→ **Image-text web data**
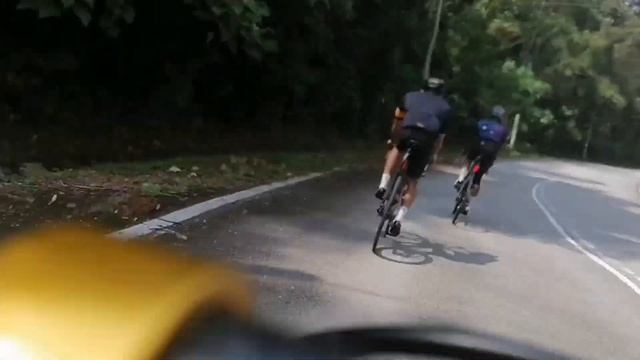 Folding Bike vs Road Bike at Genting Peras смотреть онлайн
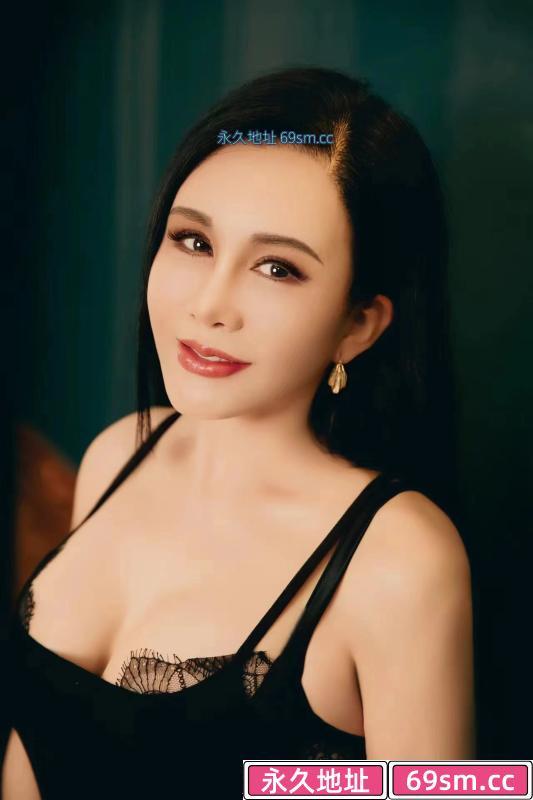 大胸口爆王菲菲
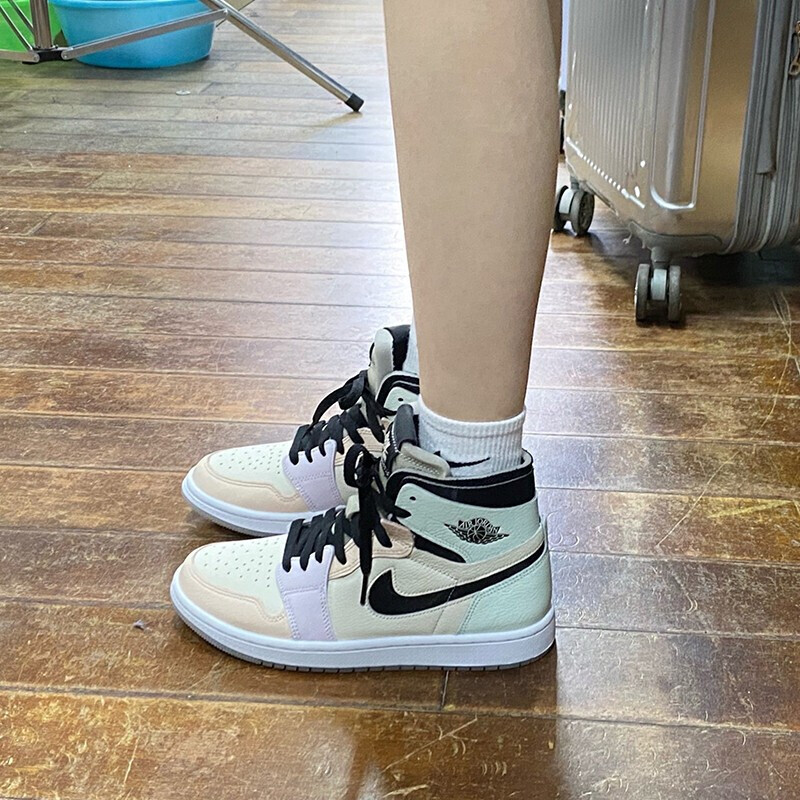 耐克nike女鞋aj1高帮篮球鞋时尚潮流舒适马卡龙色彩拼接缓震透气舒适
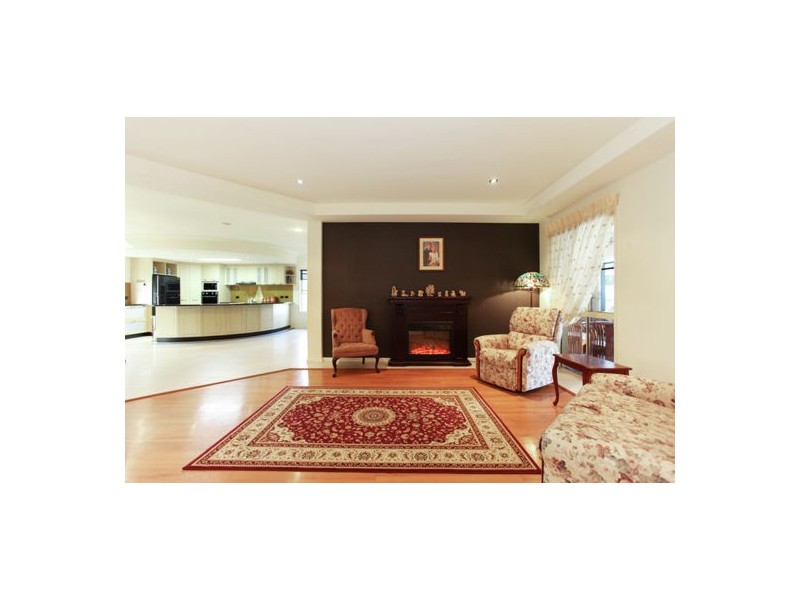 31 Victor Avenue, Glenella QLD 4740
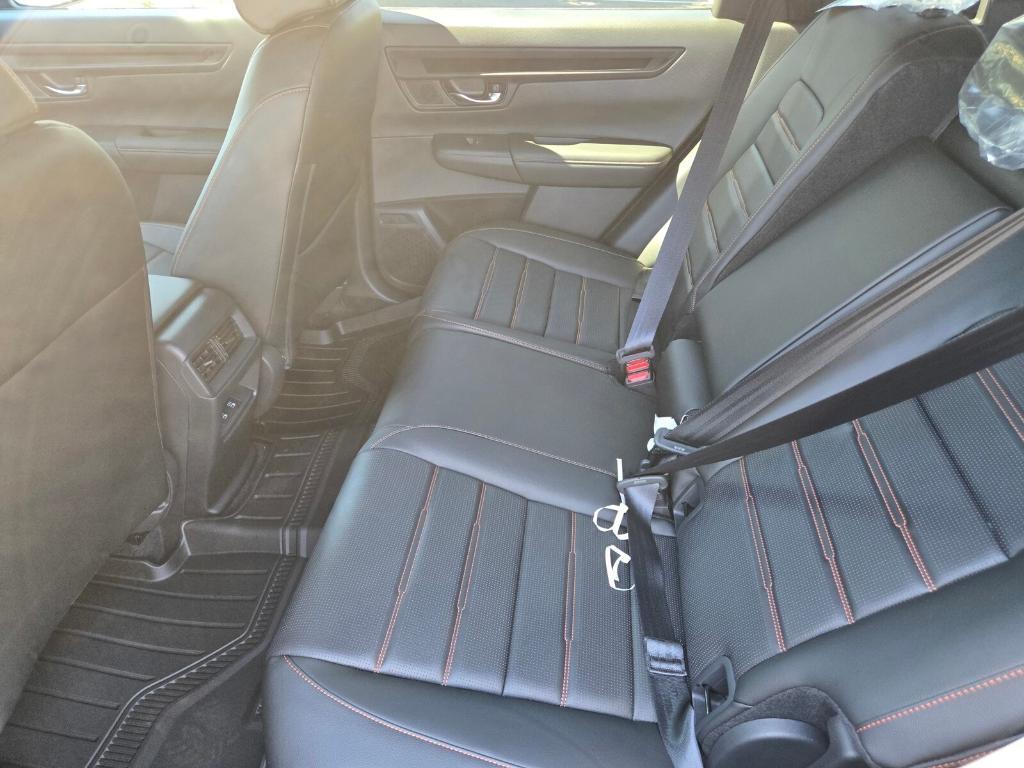 new 2026 Honda CR-V Hybrid car, priced at $43,370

→ **Required action**
In your reply, please set down exactly the lines from the one containing "耐克nike女鞋aj1高帮篮球鞋时尚潮流舒适马卡龙色彩拼接缓震透气舒适" through the end of the records, with the pictures left out.

→ **Answer to this task**
 耐克nike女鞋aj1高帮篮球鞋时尚潮流舒适马卡龙色彩拼接缓震透气舒适
 31 Victor Avenue, Glenella QLD 4740
 new 2026 Honda CR-V Hybrid car, priced at $43,370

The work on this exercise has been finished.